Python automate lighthouse

Automate Google Lighthouse with Python for SEO Reports

Estimated Read Time: 7 minute(s)
Common Topics: data, offset, lighthouse, file, enlighter

Google’s web page scanner Lighthouse has been a fixture among the most important tools for evaluating web pages. At a high level, this scanner measures a page’s performance, SEO, accessibility, and best practices. At a deeper level, it provides granular metrics for each category and displays recommendations. Most SEOs are familiar with running Lighthouse within Google Chrome’s DevTools. Running Lighthouse in the browser is easy and convenient, but it is manual and difficult to scale. What if you want to run Lighthouse on multiple pages daily? Python, as usual, comes to the rescue. This tutorial provides the bare bones needed to set up automated Lighthouse scanning. You can easily extend it for your own purposes.

Key Points

  1. Google‘s web page scanner Lighthouse measures page performance, SEO, accessibility, and best practices
  2. Python can be used to automate the use of Lighthouse
  3. Requirements and Assumptions include Python 3, access to Linux or Google Colab, and Lighthouse 6.4.1
  4. Install the Lighthouse CLI and import the required modules
  5. Create an empty dataframe and support variables
  6. Loop through the list of URLs and run Lighthouse
  7. Process the JSON report, open the file, and grab the highlevel ratings
  8. Add ratings to the dataframe, export to CSV, and automate the scan with crontab

Requirements and Assumptions

  • Python 3 is installed and basic Python syntax understood
  • Access to a Linux installation (I recommend Ubuntu) or Google Colab. I don’t recommend Google Colab for this, as performance is not great.
  • This script has been tested on Lighthouse 6.4.1, which was current as of this tutorial’s publishing date.

Starting the Script

First, install the lighthouse CLI from npm, using the node package manager. It is easy to install; be sure to read the documentation and consider the available options. An alternative to running Lighthouse locally is to use the PageSpeed Insights API. If you are running from Google Colab, put an exclamation point at the beginning; otherwise, enter the following in your terminal:

npm install -g lighthouse

Next, we import our required modules.

  • json: to process the JSON output from Lighthouse
  • os: to execute the local Lighthouse CLI
  • pandas: for storing the results and exporting to CSV
  • datetime: used in naming the JSON file
import json
import os
import pandas as pd
from datetime import datetime

Create Dataframe

We’re going to store each URL’s high-level ratings in a dataframe. Let’s set up that empty dataframe to use later. Note: there are dozens of metrics you can pull from these reports. Open the JSON output after running Lighthouse to see the available metrics, then add columns to the dataframe and adjust the JSON extraction accordingly.

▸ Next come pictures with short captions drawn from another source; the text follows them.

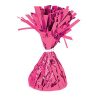 Magenta Foil Balloon Weight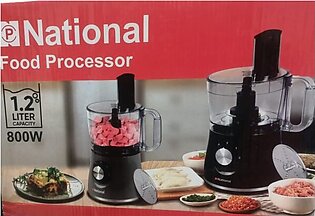 National Food Processer pnc390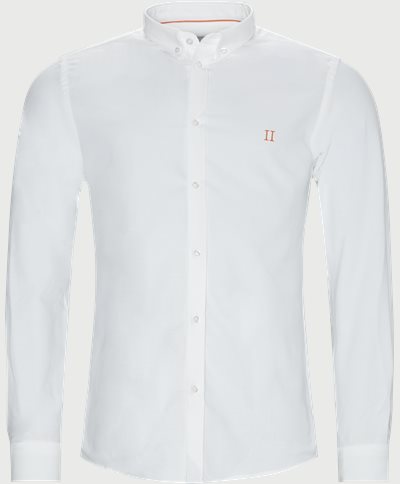 Oliver Oxford Shirt Slim fit | Oliver Oxford Shirt | White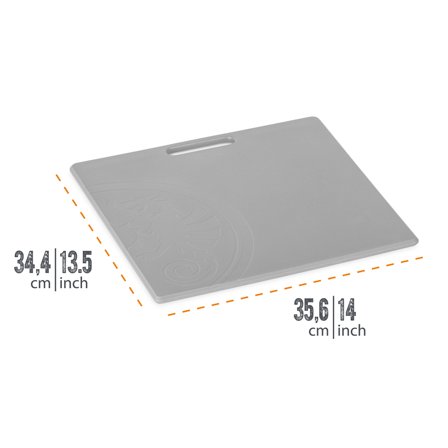 Petromax KX50 skärbräda/avdelare | Utematlagning > Friluftsliv | Bagaren och Kocken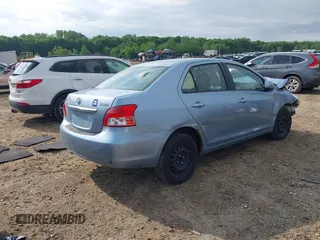 2010 Toyota Yaris с VIN JTDBT4K36A4077285, выставлен на аукционе IAAI как лот 42352822 с пробегом 143 486 миль миль и . История ставок и продаж доступна на DreamBid. Изображение 4.
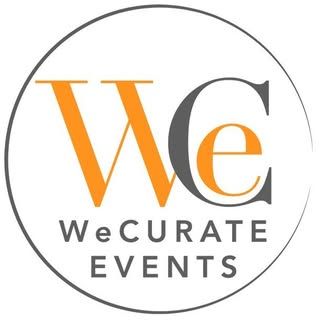 We Curate Events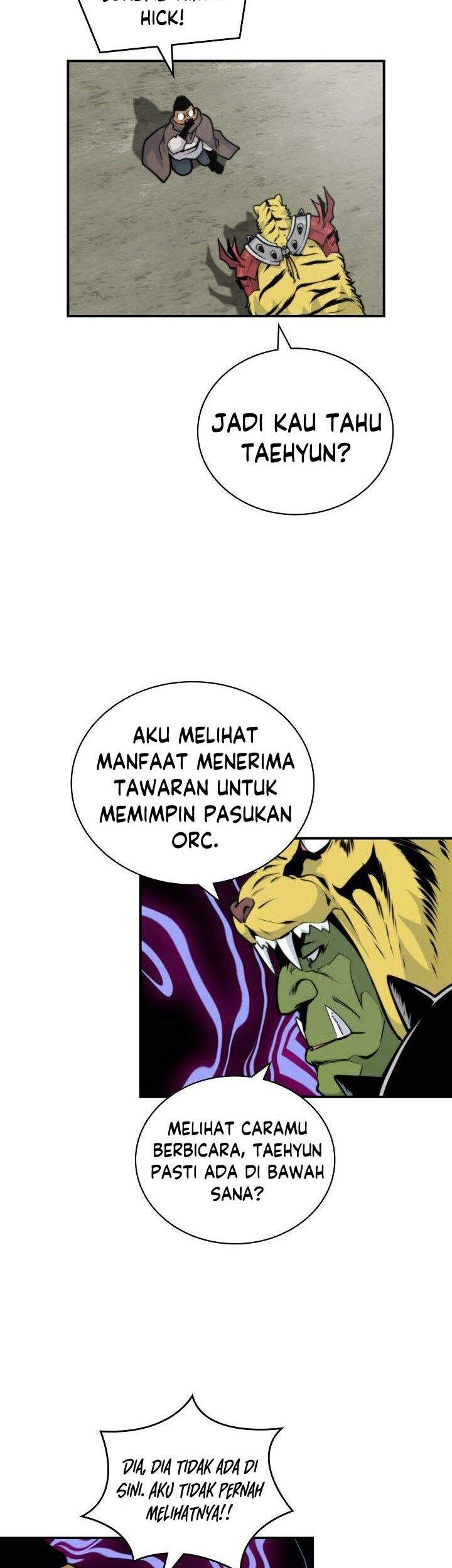 I’m Destined for Greatness! Chapter 99 - halaman 36
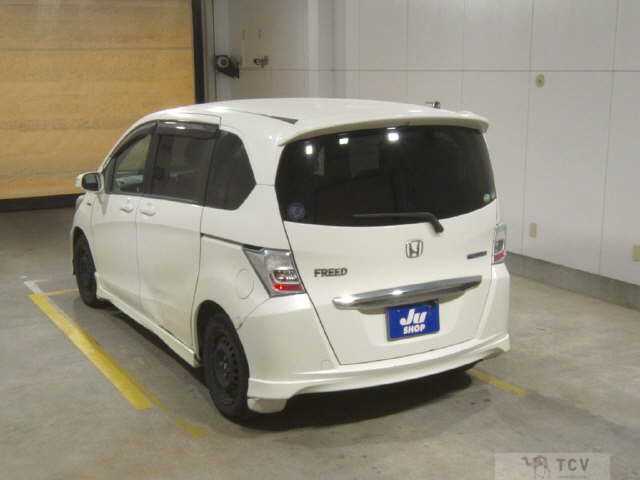 2012 Honda Freed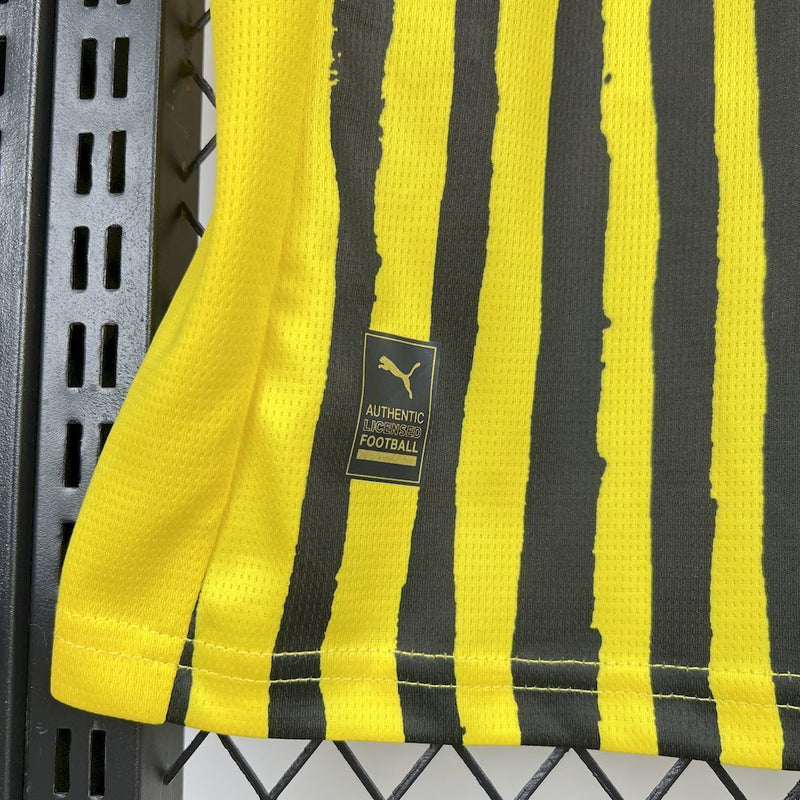Camisa Borussia Dortmund Yellow 2025/26 - Torcedor Masculino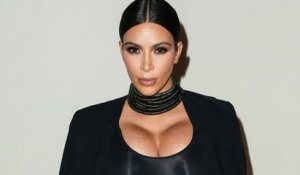 Kim Kardashian sort une gamme de Kimojis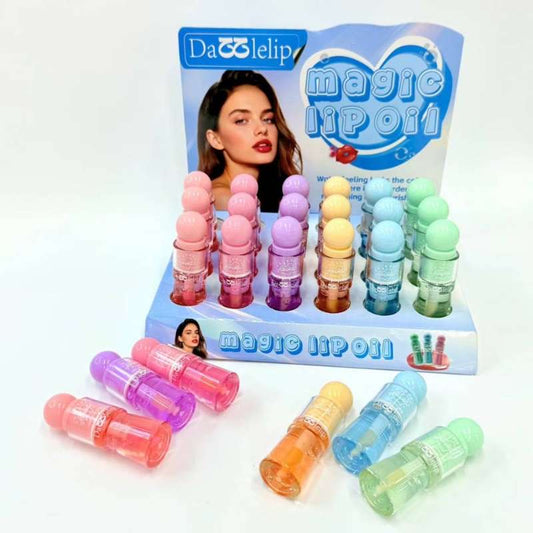 Ultra-Shine Hydrating Lip Gloss – Non-Sticky, Long-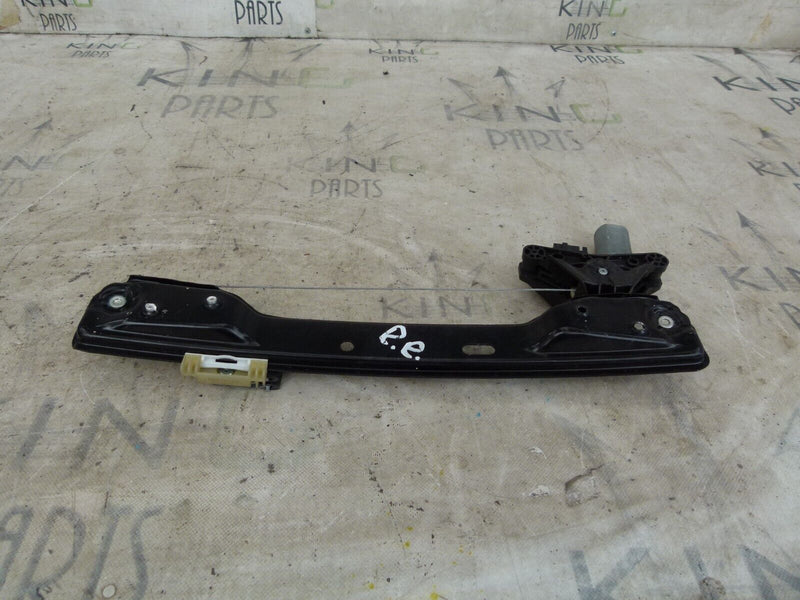 MERCEDES C W205 2014-18 REAR RIGHT WINDOW REGULATOR GENUINE C08756 101
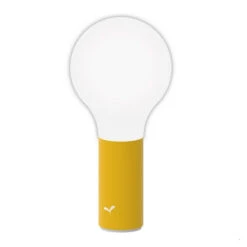 Lampe De Jardin FERMOB Aplô H 24 Cm - Miel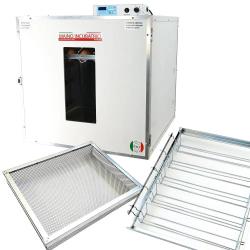 Kit couveuse &eacute;volutive + 1 tiroir +1 panier + 1 tiroir oie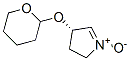 2H-pyrrole,3,4-dihydro-4-[(tetrahydro-2h-pyran-2-yl )oxy]-,1-oxide,(4s)-(9ci) Structure,292850-53-4Structure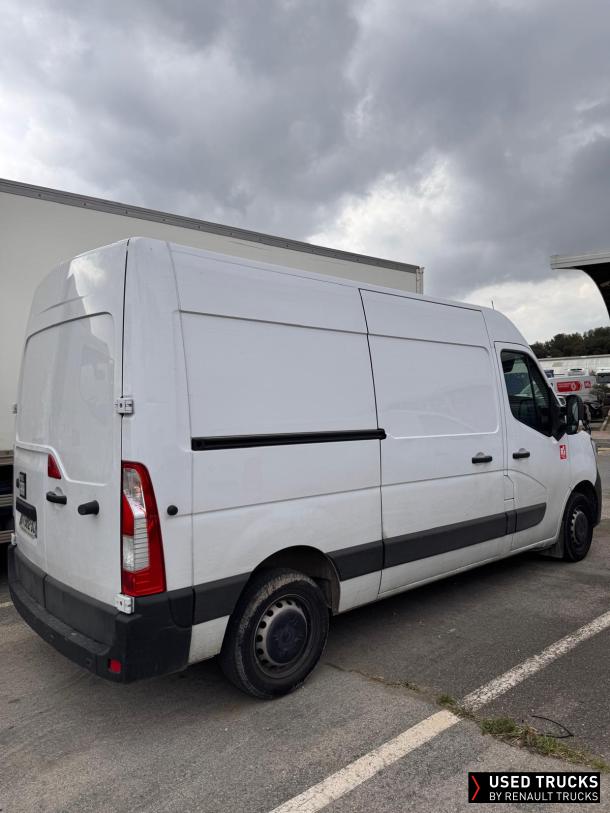 Renault Trucks Master 1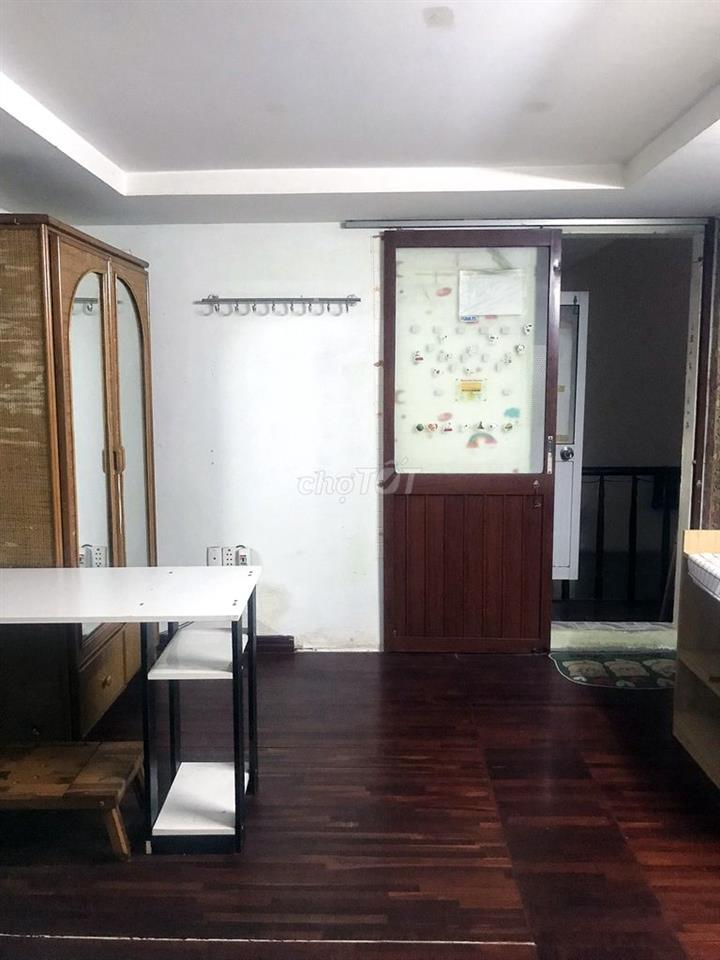 Cho thuê phòng vị trí trung tâm Q3, nội thất đầy đủ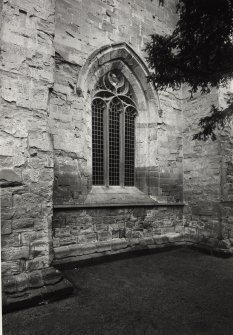 Dunkeld Cathedral, Possible items of Vandalism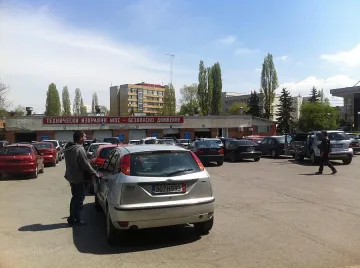 Системата на КАТ блокира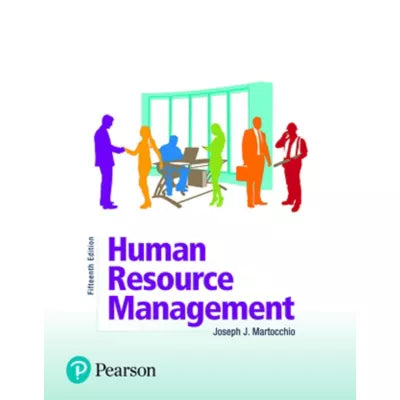 Pearson eText Human Resource Management -- Instant Access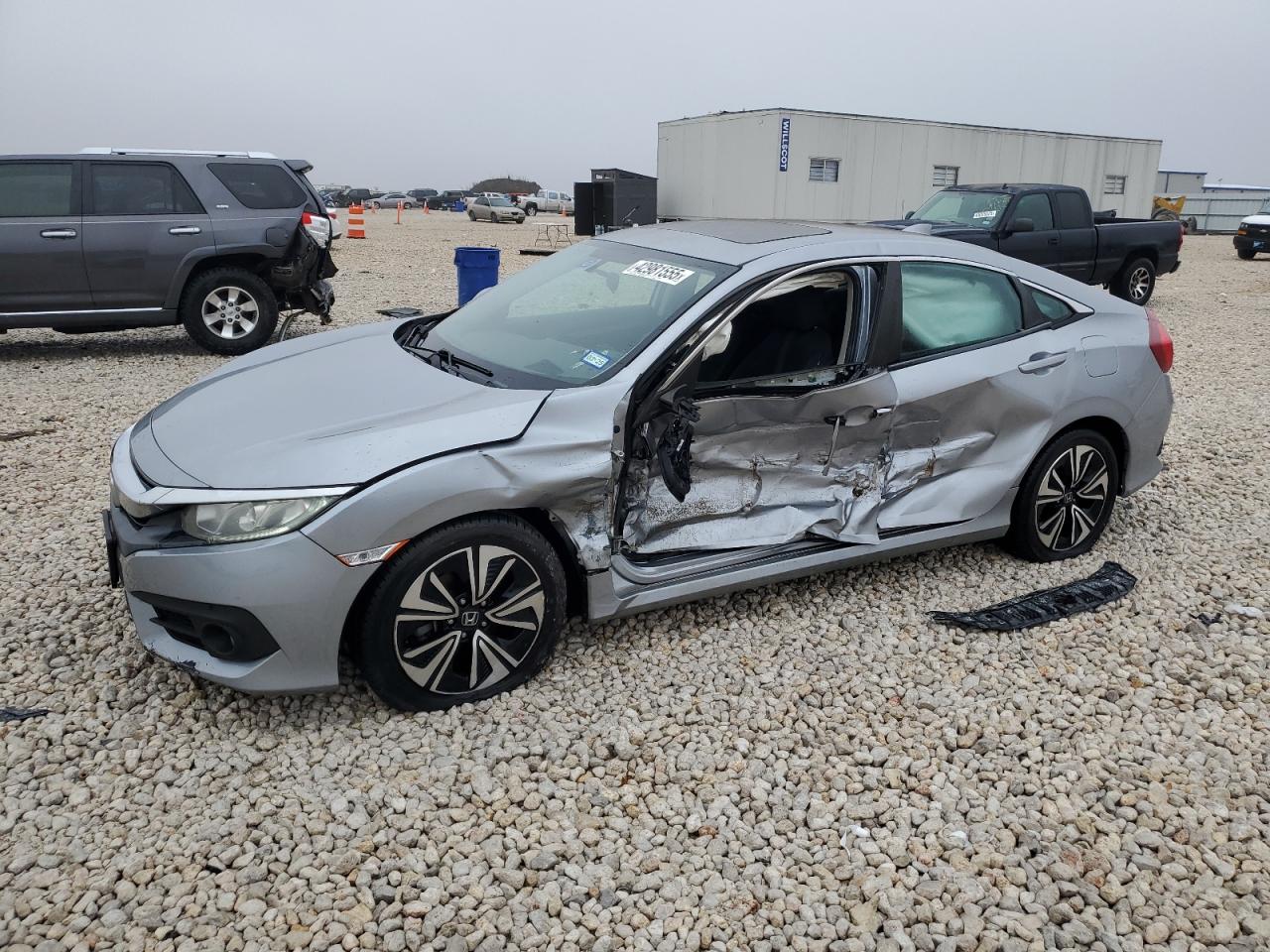 2017 Honda Civic - Image 1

df = pd.DataFrame([], columns=['URL','SEO','Accessibility','Performance','Best Practices'])

Create support variables

Now we set up a few simple variables we’ll use throughout. We’ll use the name and getdate variables to name the output file, and the URL list is what we’ll loop through and scan. You have two options for populating the list of URLs to scan: put them directly in a list in the code, or import them from a CSV (for example, a Screaming Frog crawl file).

name = "RocketClicks" 
getdate = datetime.now().strftime("%m-%d-%y")

urls = ["https://www.rocketclicks.com","https://www.rocketclicks.com/seo/","https://www.rocketclicks.com/ppc/"]

Use the code below if you are importing from a crawl file. Change YOUR_CRAWL_CSV to the path/name of your crawl CSV file. Then convert the dataframe to a Python list.

df_urls = pd.read_csv("YOUR_CRAWL_CSV.csv")[["Address"]]
urls = df_urls.values.tolist()

Run Lighthouse

Now it’s time to loop through the list of URLs and run Lighthouse. We’ll use the os Python module to execute Lighthouse via the CLI. Be sure to check the docs for details on available options. Also, change the output path to match your local environment.

for url in urls:    
    stream = os.popen('lighthouse --quiet --no-update-notifier --no-enable-error-reporting --output=json --output-path=YOUR_LOCAL_PATH'+name+'_'+getdate+'.report.json --chrome-flags="--headless" ' + url)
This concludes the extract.